According to Alyson Shontell, Editor of Business Insider, a startup is “a few-year-old tech company that could still easily fail.” Others define it as any small company with big growth plans. Essentially, any agile company with a scalable (perhaps global) offering that is building a case for exponential growth can be called a Startup. The lines between Startups and Scaleups are equally as vague but either way - there are pros and cons to working at each.
Benefits of Working at a Startup over Corporates
One of my favourite things about being part of a Startup is that, if you don’t like the way things are done, you can change them. Processes aren’t set in stone by upper management. There are more chances to try out a different process or technique to see if there is a better way of doing something. Also there are more opportunities to expand into different roles. Everyone has heard that you wear many hats at a scale-up. If you wear a hat long enough you become the subject matter expert that others will turn to and before you know it, you could be heading up the department!
Interpreting the ‘Scaleup Jargon’
Here at Weploy, we’re all guilty of using the abbreviations and terms that are common to a lot of other Startups - MVP (Minimum Viable Product), Sprints, All-Hands and Retro’s. But we encourage all new starters to just ask if there’s something they don’t understand. These words were new to all of us once, so no one judges people for not knowing! I would be more worried if someone I’ve been working with for a year still doesn’t know what something means and had been using it anyway! Also, no two startups are the same and the same word can have a different meaning at a different company, so if you’re unsure, always ask.
Popular Roles at Startups
There are some big gaps in recruitment right now, and while Software Engineers, Data Scientists are becoming more sought after. Each company will always have their own specific skills gaps however, for example, Fintech companies are often looking for security specialists. Many Startups, by very definition - are growing fast so there will often be opportunities across the board in Sales, Marketing and Finance too.

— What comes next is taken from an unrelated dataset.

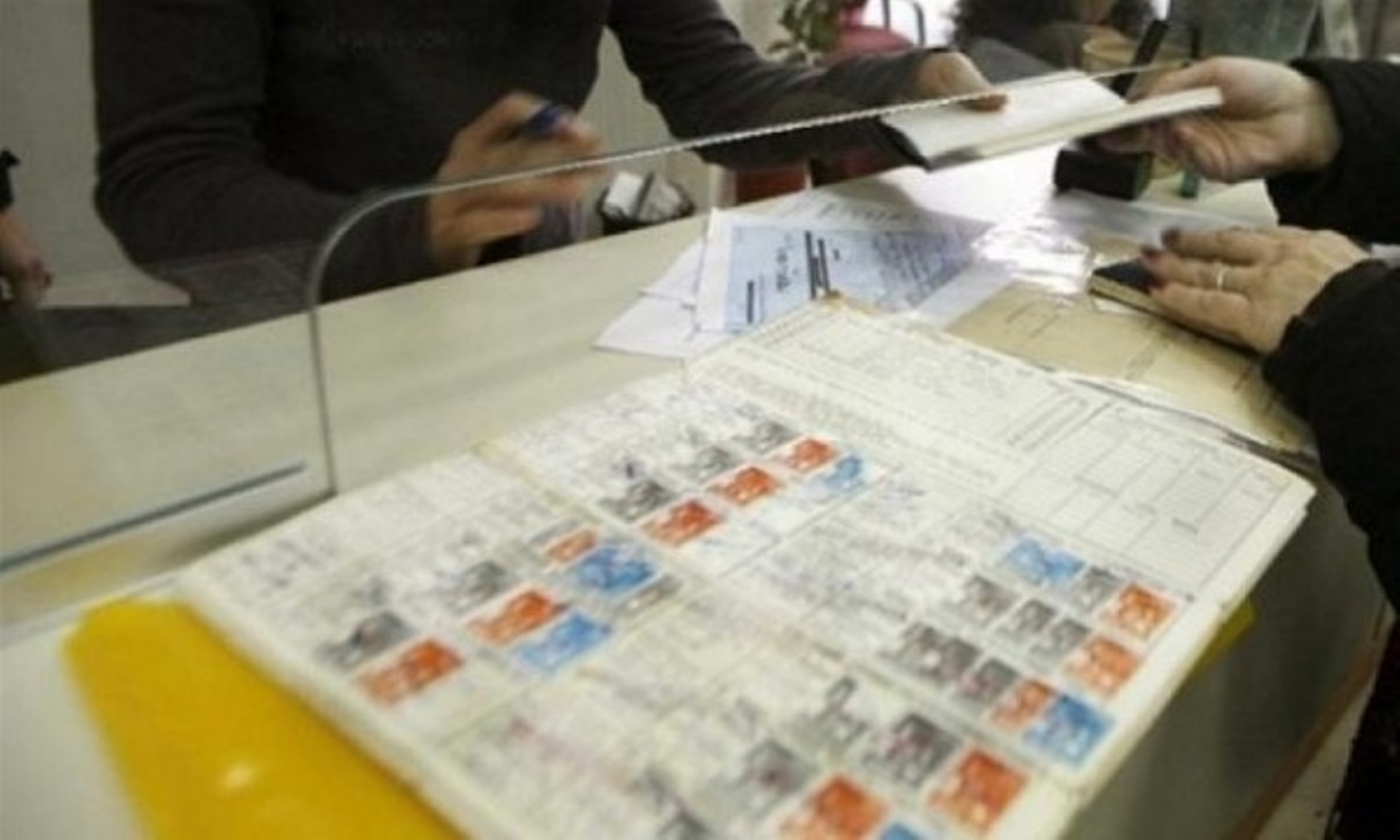 Πώς «κλειδώνει» νωρίτερα η σύνταξη με «πλασματικά» έτη ασφάλισης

Negatives of Working at a Startup over a Corporate
You don’t always get to choose the hats you wear. At Weploy, everyone in the business is encouraged to “Act like an owner” and we’re all encouraged to pitch in and pick up the slack, because if you don’t - no one else will. I find it can be hard to turn off sometimes too. A lot of what we’re working on revolves around solving problems related to the business and it can be tempting to keep cracking on trying to solve them outside of work. It’s important to take the time to relax and enjoy your hobbies. I make sure that when I get home, my laptop is closed and I’m present and engaged with my family.
Breaking into the Startup world
Startups and Scaleups need financial, sales and marketing teams just like any other company. They are trying to solve real world problems, so anyone who has experienced one of these problems can bring valuable insight into the challenges associated with solving them. I would encourage anyone, in any company to dip their toes into the tech-world. Not only will it help you understand some of the challenges facing tech companies today, but you could also become more valuable to the company overall. For example - HTML and CSS can help a graphic designer start moving into a frontend developer role. Sales and finance people who know a scripting language can understand and present their data better. Marketing heads can learn how to build a bot that will help them grow engaged followers on Twitter.

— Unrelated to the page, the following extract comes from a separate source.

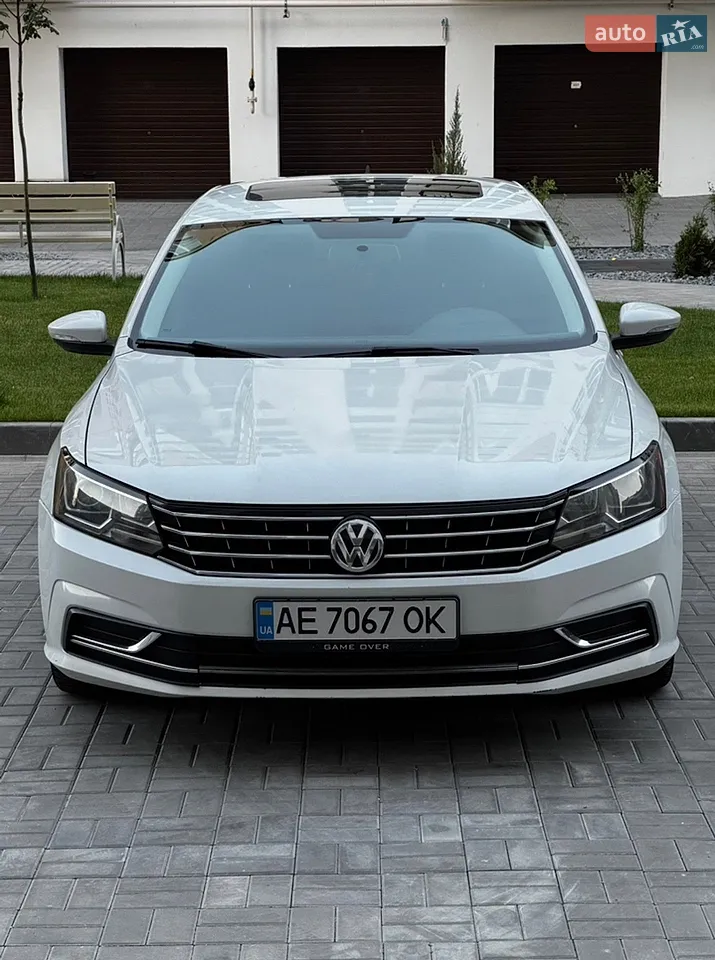 2017 Volkswagen Passat - мініатюра 18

How to Land a Job at a Startup
Do your research on the company and share your thoughts in your cover letter and during interviews. Scale-ups are looking for people who care about the product and its mission, not people who just want a job.

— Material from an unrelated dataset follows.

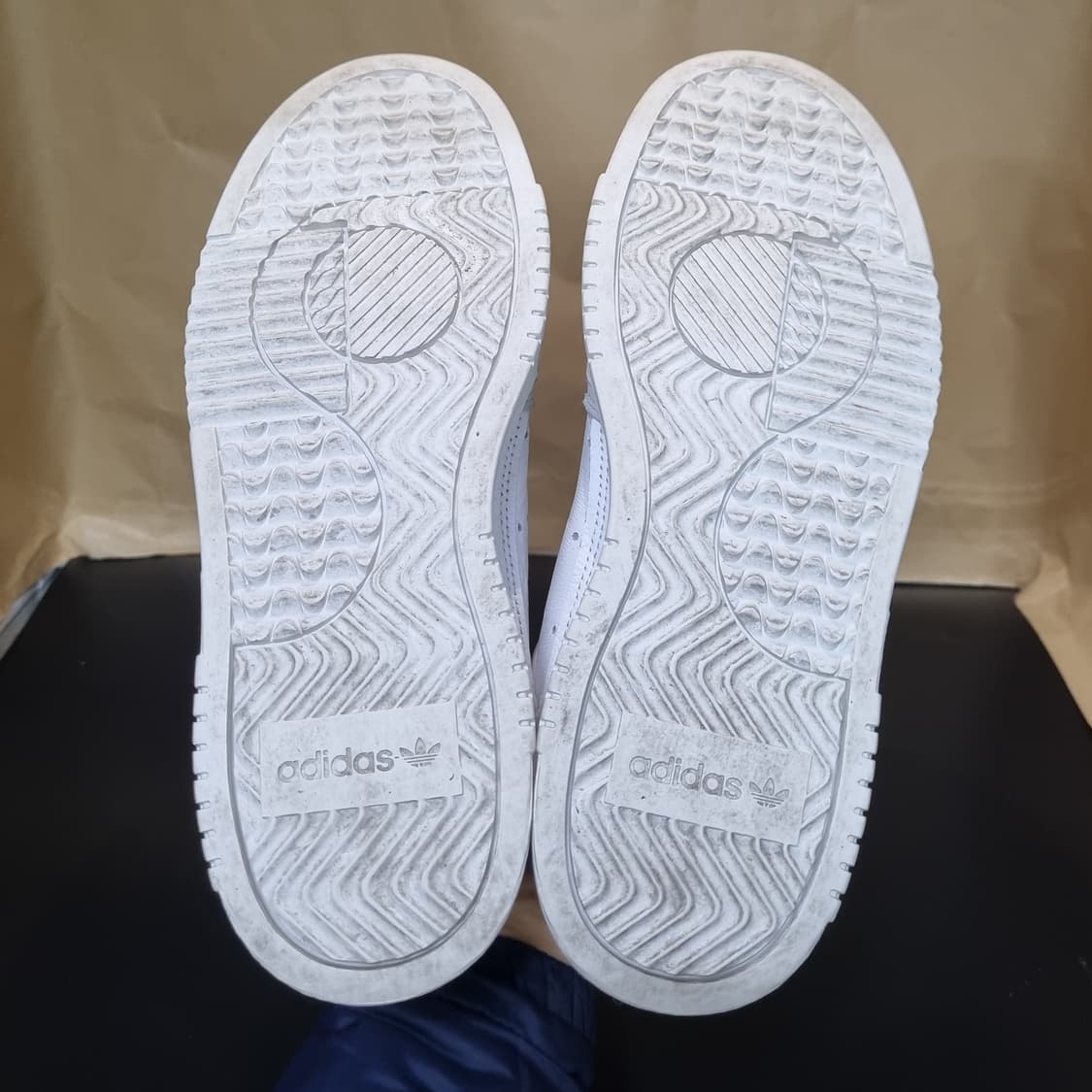 아디다스 슈퍼코트 여성운동화235 상품이미지3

Connect with the company through social media, comment and communicate on their posts. At a minimum, you will stand out from other applicants, but otherwise it’ll help them put a face to a name.
Connect with the individuals who work in the department you want to get a job in. Often scale-ups have recruitment incentives, so they will be happy to suggest you to HR.
Less corporate doesn’t mean less serious. While different Scale-ups describe their culture with different values statements, the common theme is a focus on the success for the product. Make sure you’re vocal about how you can contribute to that goal.